The first post I saw on Parler after joining would turn out to be exemplary of the culture of this relatively new social media platform. Republican Congresswoman-elect Marjorie Taylor Greene of Georgia posted that she was giving away a gun. Not any gun, but the gun that (in her words) she had “featured” in a “warning to ANTIFA terrorists.”
This article first appeared in Salon.
“This is the same gun that TRIGGERED the Fake News Media all across America and got me banned by Big Tech,” Greene wrote. “Someone has to win it… might as well be you!”
The message linked to a page where users could enter the giveaway.
Greene was referring to a photo she posted on Facebook in early September. In the photo, she was holding an AR-15 standing next to three progressive members of Congress known as “The Squad”—Rep. Alexandra Ocasio-Cortez (D-N.Y.), Rashida Tlaib (D-Mich.) and Rep. Ilhan Omar (D-Minn.). Along with the photo, she attached a message stating that Americans must “take our country back” and “DEFEAT THE DEMOCRATS.”
That’s because Parler is a “free speech” platform, and its surging popularity appears to be an intended consequence of Facebook and Twitter cracking down on hate speech, violent rhetoric and misinformation. According to ABC News, the Parler app saw over 3.5 million active users last week and has nearly 8 million users total. Hashtags that often trend on the platform include #freemarket, #voterfraud, and #Tucker (as in Carlson); the same ones that can often be found on President Trump’s Twitter feed. Posts — known on the platform as “Parleys” — from far-right pundits like Sean Hannity easily and frequently get over one million views. If a right-wing figure’s tweet is flagged by Twitter, you can likely find it on Parler.
Parler was founded in 2018 by two computer programmers named John Matze and Jared Thomson, and is financially backed by Rebekah Mercer, whose father is Robert Mercer. Robert Mercer is the co-founder of Cambridge Analytica and a hedge fund manager. He’s also a major funder of Breitbart. According to the Wall Street Journal, sources said Parler was “a Mercer family investment.”
Parler’s platform combines many of the prominent features of both Facebook and Twitter. Users have a newsfeed and can follow influencers, but they can also post themselves. Unlike many social media platforms that have been created in the last year, including Clubhouse, the content on Parler is mostly political. It is filled with a lot of the far-right misinformation that would receive a warning label on either Twitter or Facebook— and that’s what Parler wants.
Recently, Rebekah Mercer emphasized that Parler is a platform for “free speech.”

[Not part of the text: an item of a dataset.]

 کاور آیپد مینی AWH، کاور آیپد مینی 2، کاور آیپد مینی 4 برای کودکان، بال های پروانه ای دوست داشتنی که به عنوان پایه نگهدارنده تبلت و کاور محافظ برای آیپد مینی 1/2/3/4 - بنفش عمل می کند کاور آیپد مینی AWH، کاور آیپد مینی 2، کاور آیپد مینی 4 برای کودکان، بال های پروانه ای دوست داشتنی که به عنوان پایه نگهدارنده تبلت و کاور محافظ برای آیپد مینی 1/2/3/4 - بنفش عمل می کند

“John and I started Parler to provide a neutral platform for free speech, as our founders intended, and also to create a social media environment that would protect data privacy,” Mercer said in a Parler post. “The ever-increasing tyranny and hubris of our tech overlords demands that someone lead the fight against data mining, and for the protection of free speech online. That someone is Parler, a beacon to all who value their liberty, free speech and personal privacy.”
But as my colleague Keith A. Spencer once wrote, free speech isn’t really free on any platform, whether Facebook or Parler, just because it’s uncensored. As with any media platform, the ideas and beliefs of those with money are more apt to be shared and spread. The “freest” speech in a capitalist society is still mediated by those with means.
“While a deceptive political ad may be ‘free speech’ in the sense that no one is censoring it, very few people have access to the sums of money that could broadcast such a message far and wide,” Spencer wrote. “Speech is free, but the ability of it to be spread and propagandized is limited to those with cash; hence, the ideas and beliefs and politicians that favor the rich tend to be well-broadcast, while those that might benefit the rest of us are deflated, particularly on a platform like Facebook.”
Parler does have some restrictions, although it’s unclear how and if they’re being enforced (clearly Greene’s post giving away a gun didn’t make the cut). In its community guidelines, the platform states that it will remove content that could be used as a “tool for crime” or other “unlawful acts.” “Sometimes the law requires us to exclude content from our platform, once it is reported to our Community Jury,” the guidelines state. “Obvious examples: content posted by or on behalf of terrorist organizations, child pornography, and copyright violations.”
From a public relations-perspective, social media platforms like Facebook and Twitter have done more than they did in the 2016 election to censor misinformation. However, it’s worth asking if their efforts are too little, too late? Especially since Parler, which is run by conservatives and meant to not censor any misinformation, rises in popularity. A separate platform called Rumble is also being promoted on Parler as a “free speech” alternative to YouTube.
Fadi Quran, campaign director at Avaaz, a global civic organization that studies misinformation, told ABC News that there are “consequences with people using apps like Parler,” especially if Parler doesn’t survive and these users eventually return to Facebook and Twitter.
“Facebook and Twitter have to be ready when they come back because many of them will want to instigate violence and spread more misinformation,” Quran said. “Hate spreads; people are going to lose trust in the idea of community, they won’t be civil with people they disagree with.”
Hence, Parler has become a far-right echo chamber, giving people who are living in Trump’s alternate reality a place to organize. And that’s dangerous, as Ciarán O’Connor, an analyst at the Institute for Strategic Dialogue, told VICE News.
“The risk in a mass migration to smaller, fringe platforms is that they do not enforce the same guidelines as older, more established platforms, meaning there is potential for not only echo chambers to form, but for extremist groups to make use of these spaces to organize offline activity or to promote more extreme material and beliefs than they might on larger platforms,” O’Connor said.